I am following the proof from Cover and Thomas' Elements of Information Theory.
The first step is to define a random variable E:
$ E = 1 $ if $\hat{X} \neq X$
$ E = 0 $ if $\hat{X} = X$
Then these two equations I cannot explain are written:
$H(E,X|\hat{X}) = H(X|\hat{X}) + H(E|X, \hat{X})$;
$H(E,X|\hat{X}) = H(E|\hat{X}) + H(X|E,\hat{X})$.
The rest of the proof relies on these equations, but I do not understand how they are found; I imagine it is a simple application of the entropy chain rule and of the rule for conditional entropy, but I can't derive them from the general equations.
Could I get the step-by-step derivation of both, starting from $H(E,X|\hat{X})$? Thank you kindly!
Best Answer
Yes, it is just the chain rule for entropy.

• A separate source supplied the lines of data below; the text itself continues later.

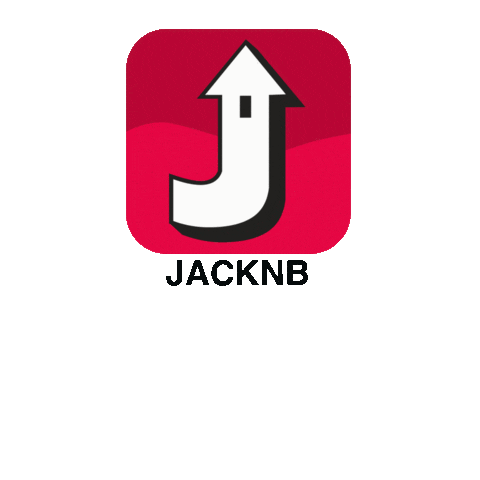 Jack&B Delivery Service Sticker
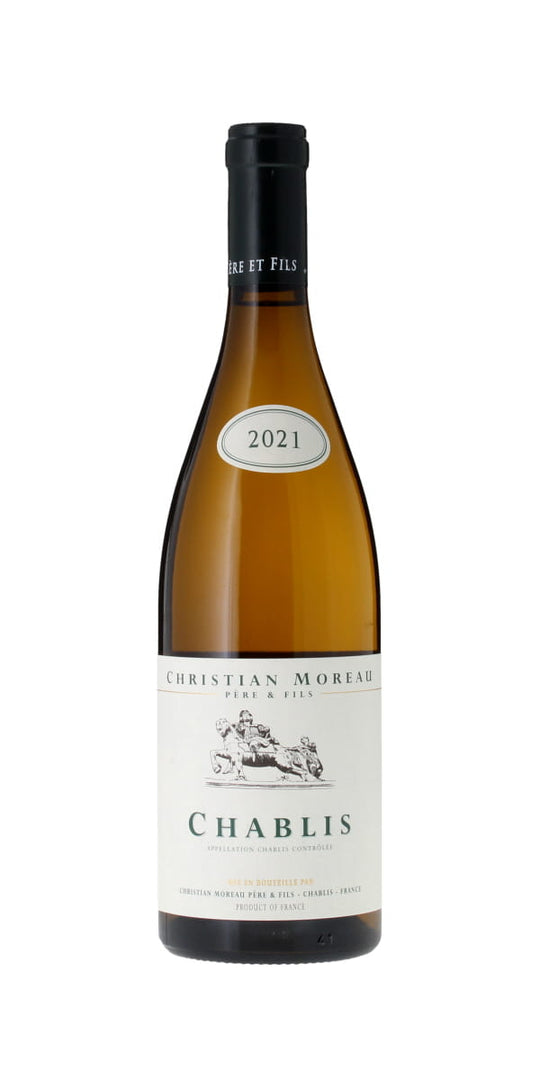 Domaine Christian Moreau Pere & Fils, Chablis Village, 2023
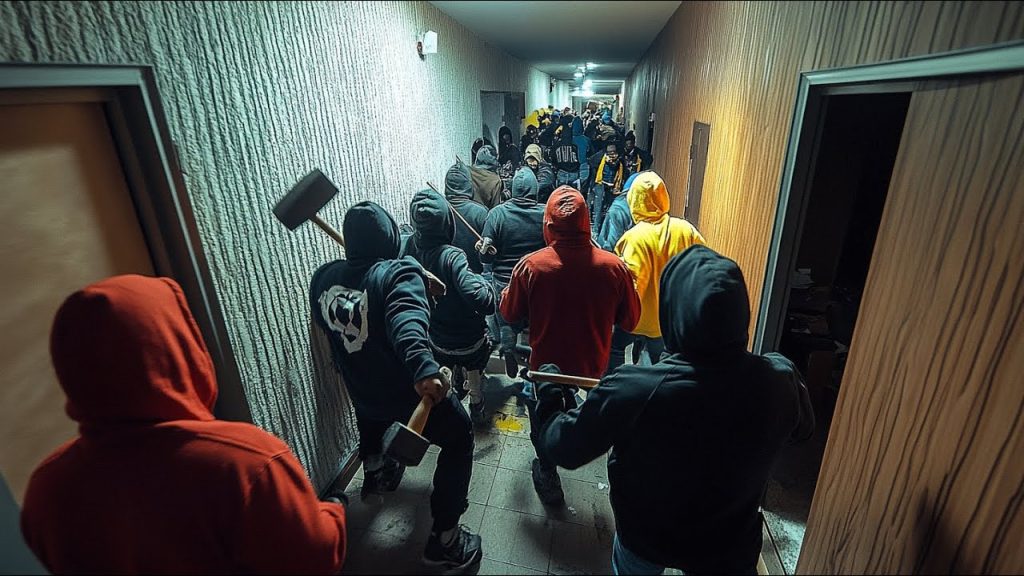 Migrant Gangs Start Taking Over Apartments in NYC…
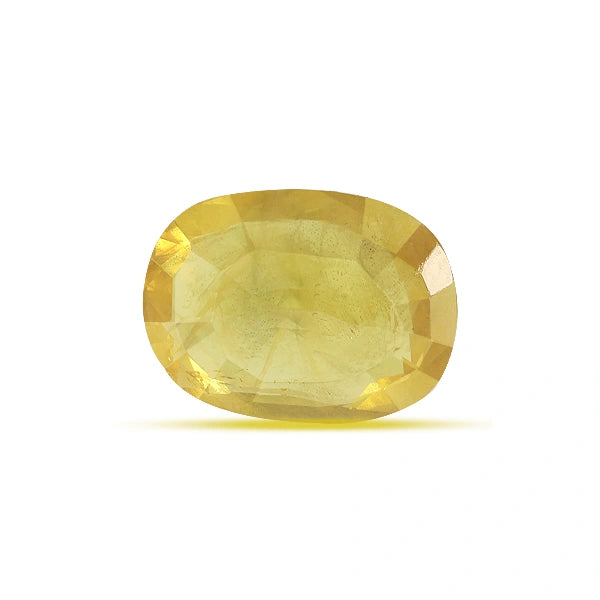 Yellow Sapphire - 4.64 carats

The chain rule for entropy is Theorem 2.2.1 in Cover and Thomas. $$H(X,Y) = H(X) + H(Y|X)$$ You can use the chain rule when you condition on another random variable $Z$. In this case, you get $$H(X,Y|Z) = H(X|Z) + H(Y|X,Z)$$ The proof is word for word the same as the proof of the original chain rule. In this case, write each of the probabilities conditioned on $z$. For example, write $p(x,y|z)$ instead of $p(x,y)$.
Or, alternatively, you can write something like this (as they suggest in Eqn. (2.20)): \begin{align*} H(X,Y|Z) &= -E[\log p(X,Y|Z)] \\ &= -E[\log p(X|Z)] - E[\log p(Y|X,Z)] \\ &= H(X|Z) + H(Y|X,Z) \end{align*}
With this version of the chain rule for conditional entropies, you get the two equations that you wanted by applying it to the random variables $X, \hat{X}, E$.